This guide provides basic help for issues frequently encountered when deploying topologies.

1. How can I get more debugging information?

Enable the --verbose flag to see more debugging information, for example

heron submit ... ExclamationTopology --verbose        

2. Why does the topology launch successfully but fail to start?

Even if the topology is submitted successfully, it could still fail to start some component. For example, TMaster may fail to start due to unfulfilled dependencies.

For example, the following message can appear:

$ heron activate local ExclamationTopology

...

[2016-05-27 12:02:38 -0600] com.twitter.heron.common.basics.FileUtils SEVERE: \
Failed to read from file.
java.nio.file.NoSuchFileException: \
/home//.herondata/repository/state/local/pplans/ExclamationTopology

...

[2016-05-27 12:02:38 -0600] com.twitter.heron.spi.utils.TMasterUtils SEVERE: \
Failed to get physical plan for topology ExclamationTopology

...

ERROR: Failed to activate topology 'ExclamationTopology'
INFO: Elapsed time: 1.883s.

What to do

  • This file will show if any specific components have failed to start.

    ~/.herondata/topologies/{cluster}/{role}/{TopologyName}/heron-executor.stdout
    

    For example, there may be errors when trying to spawn a Stream Manager process in the file:

    Running stmgr-1 process as ./heron-core/bin/heron-stmgr ExclamationTopology \
    ExclamationTopology0a9c6550-7f3d-44fb-97ea-5c779fac6924 ExclamationTopology.defn LOCALMODE \
    /Users/${USERNAME}/.herondata/repository/state/local stmgr-1 \
    container_1_word_2,container_1_exclaim1_1 58106 58110 58109 ./heron-conf/heron_internals.yaml
    2016-06-09 16:20:28:  stdout:
    2016-06-09 16:20:28:  stderr: error while loading shared libraries: libunwind.so.8: \
    cannot open shared object file: No such file or directory
    

    Then fix it correspondingly.

  • It is also possible that the host has an issue with resolving localhost. To check, run the following command in a shell.

    $ python -c "import socket; print socket.gethostbyname(socket.gethostname())"
    Traceback (most recent call last):
      File "<string>", line 1, in <module>
    socket.gaierror: [Errno 8] nodename nor servname provided, or not known
    

    If the output looks like a normal IP address, such as 127.0.0.1, you don’t have this issue. If the output is similar to the above, you need to modify the /etc/hosts file to correctly resolve localhost, as shown below.

    1. Run the following command, whose output is your computer’s hostname.

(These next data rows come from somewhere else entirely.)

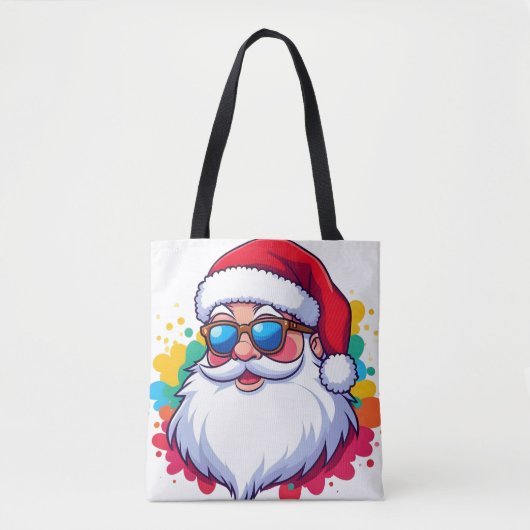 Santa Claus Face With Paint Splatter Christmas Draagtas (Voorkant)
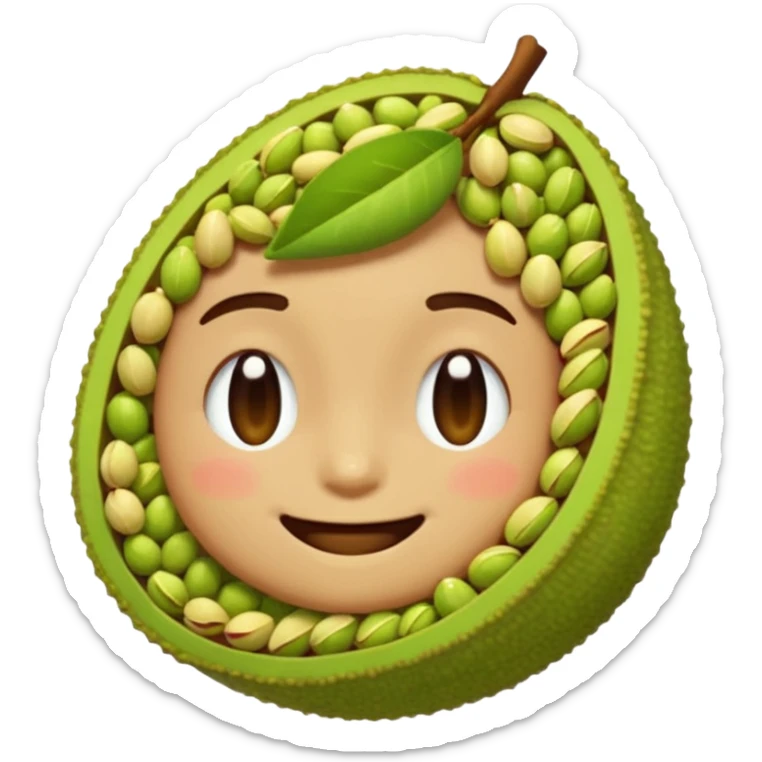 can you make a cuite pistachio emojii that is pixalited and wear th echaracter laught/ smile to the point where it closes it eyes  sticker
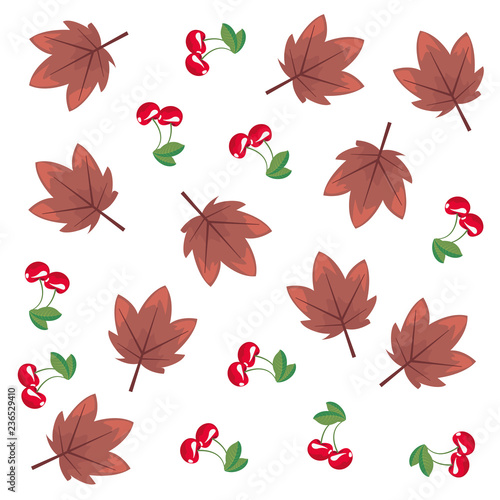 maple leaves and cherries decoration background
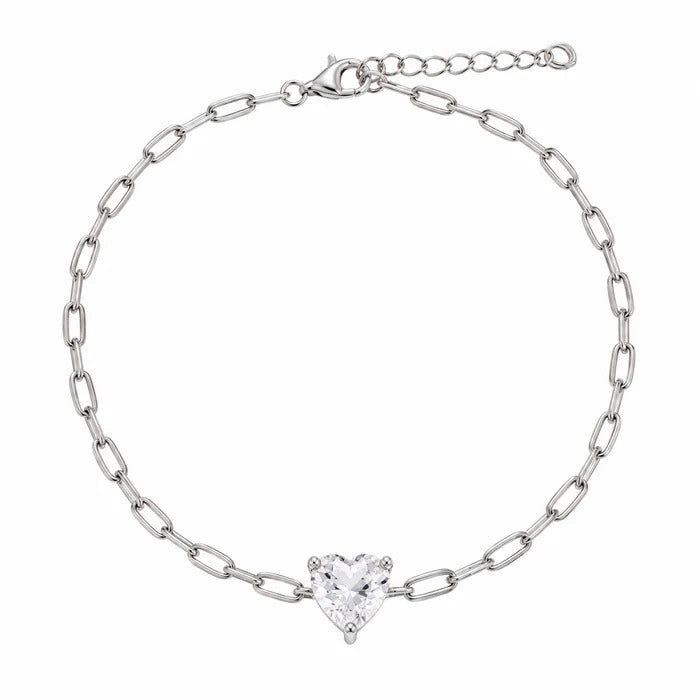 Sterling Silver Rhodium Plated Clear CZ Heart Paper Link Chain Bracelet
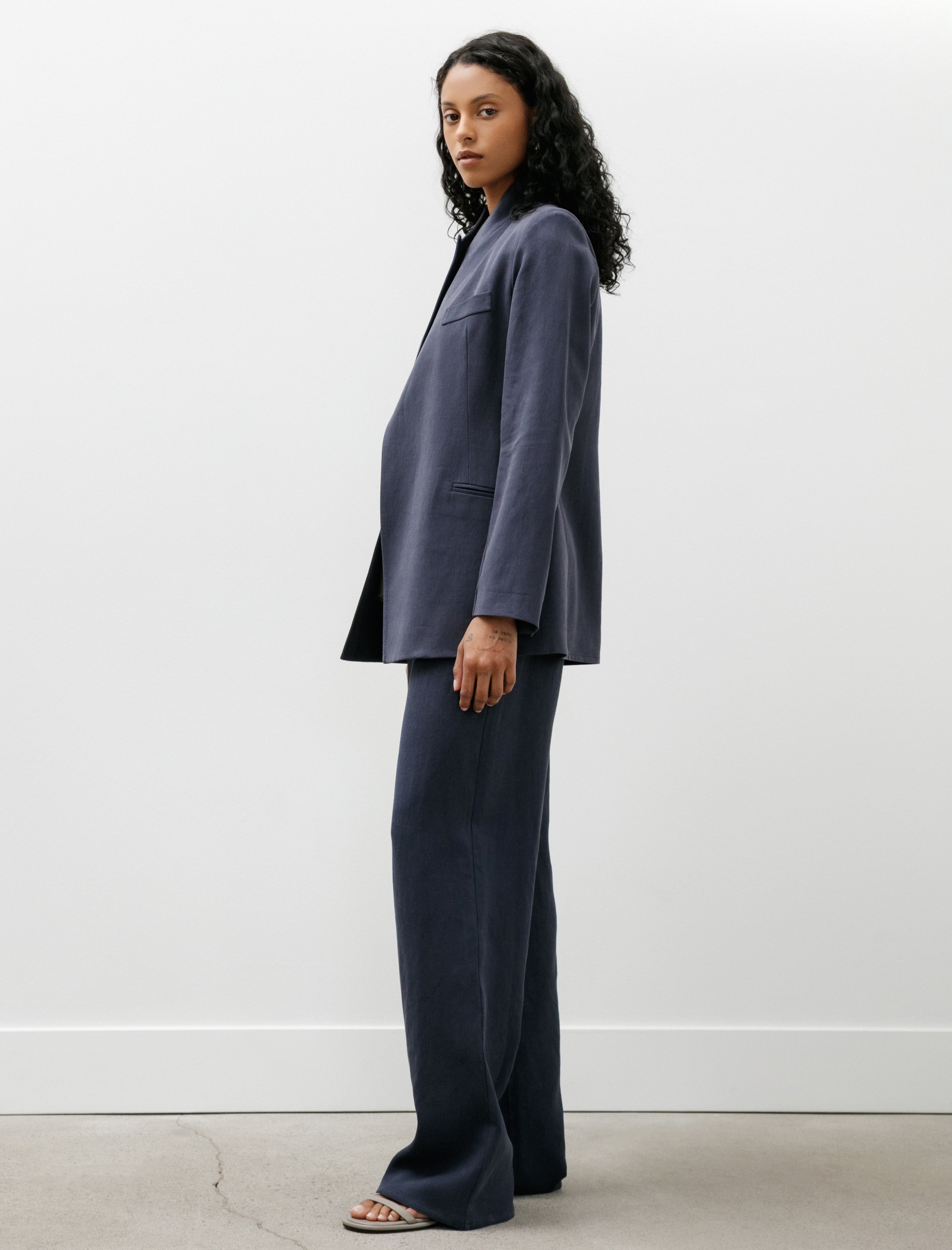 Dušan Loose Blazer Satin Linen Pacific
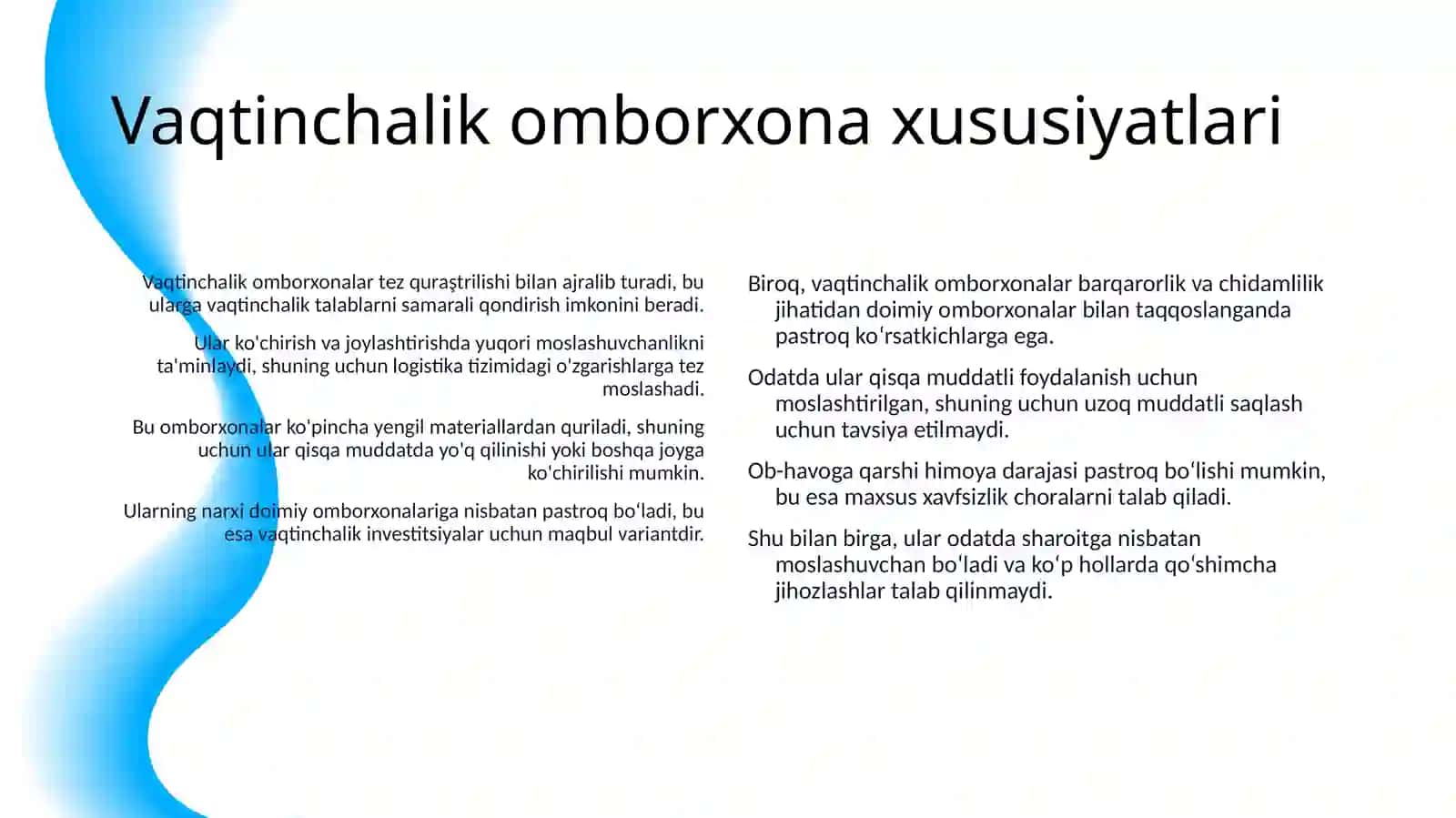 VAQTINCHALIK VA DOIMIY OMBORXONALARNI TURLARI, TUZILISHI VA O‘LCHAMLARI 4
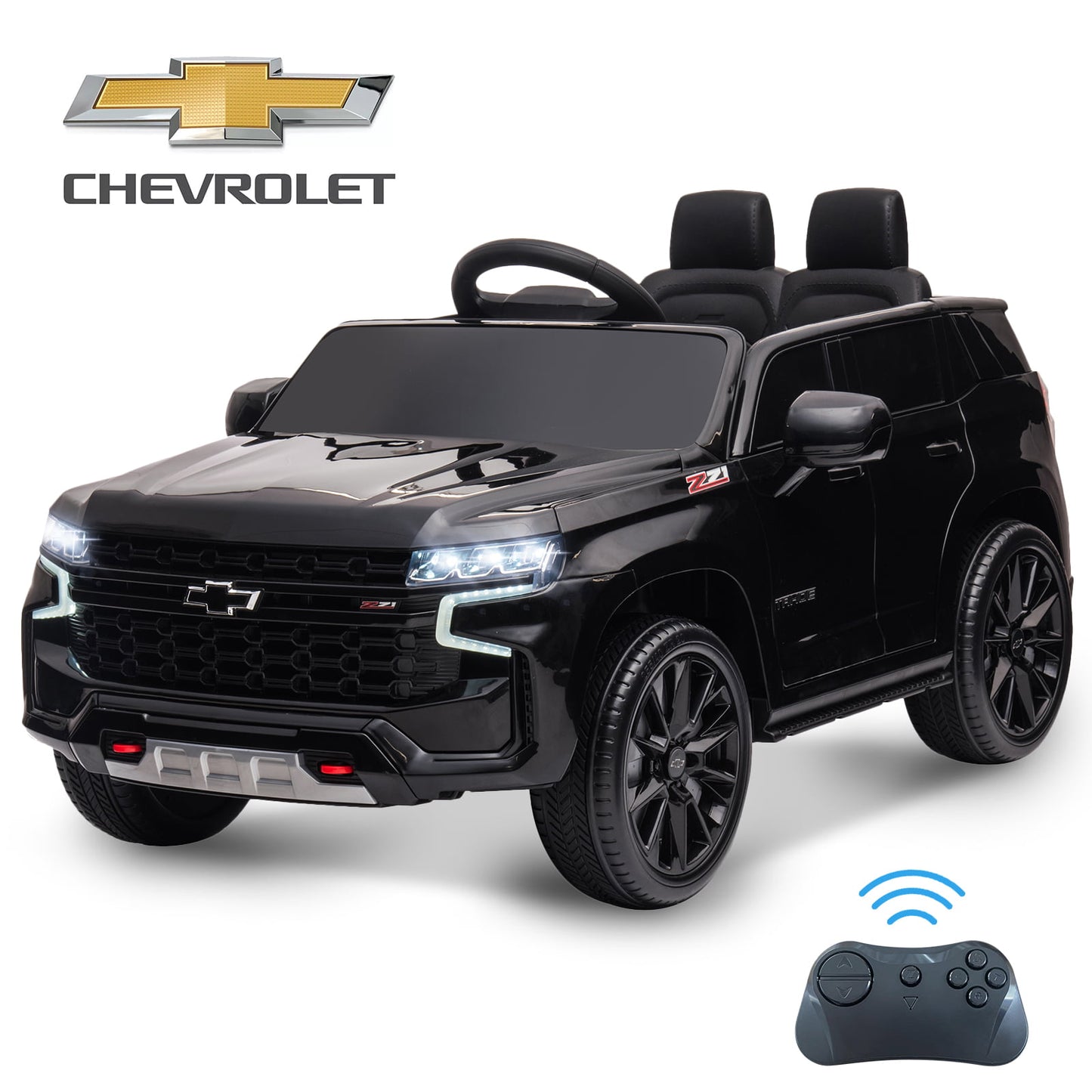 Syngar Chevrolet 12V Battery Powered Car Toy for Girls Boys, Kids Ride on Car with Remote Control, LED Light, MP3, Bluetooth, Seat Belt, Electric Truck for 3+ Kids Birthday Gift, Black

      $ python -c "import socket; print socket.gethostname()"
      
    2. Open the /etc/hosts file as superuser and find a line containing

      127.0.0.1   localhost
      
    3. Append your hostname after the word “localhost” on the line. For example, if your hostname was tw-heron, then the line should look like the following:

      127.0.0.1   localhost   tw-heron
      
    4. Save the file. The change should usually be reflected immediately, although rebooting might be necessary depending on your platform.

3. Why does the process fail during runtime?

If a component (e.g., TMaster or Stream Manager) has failed during runtime, visit the component’s logs in

~/.herondata/topologies/{cluster}/{role}/{TopologyName}/log-files/

4. How to force kill and clean up a topology?

In general, it suffices to run:

heron kill ...

If returned error, the topology can still be killed by running kill pid to kill all associated running process and rm -rf ~/.herondata/ to clean up the state.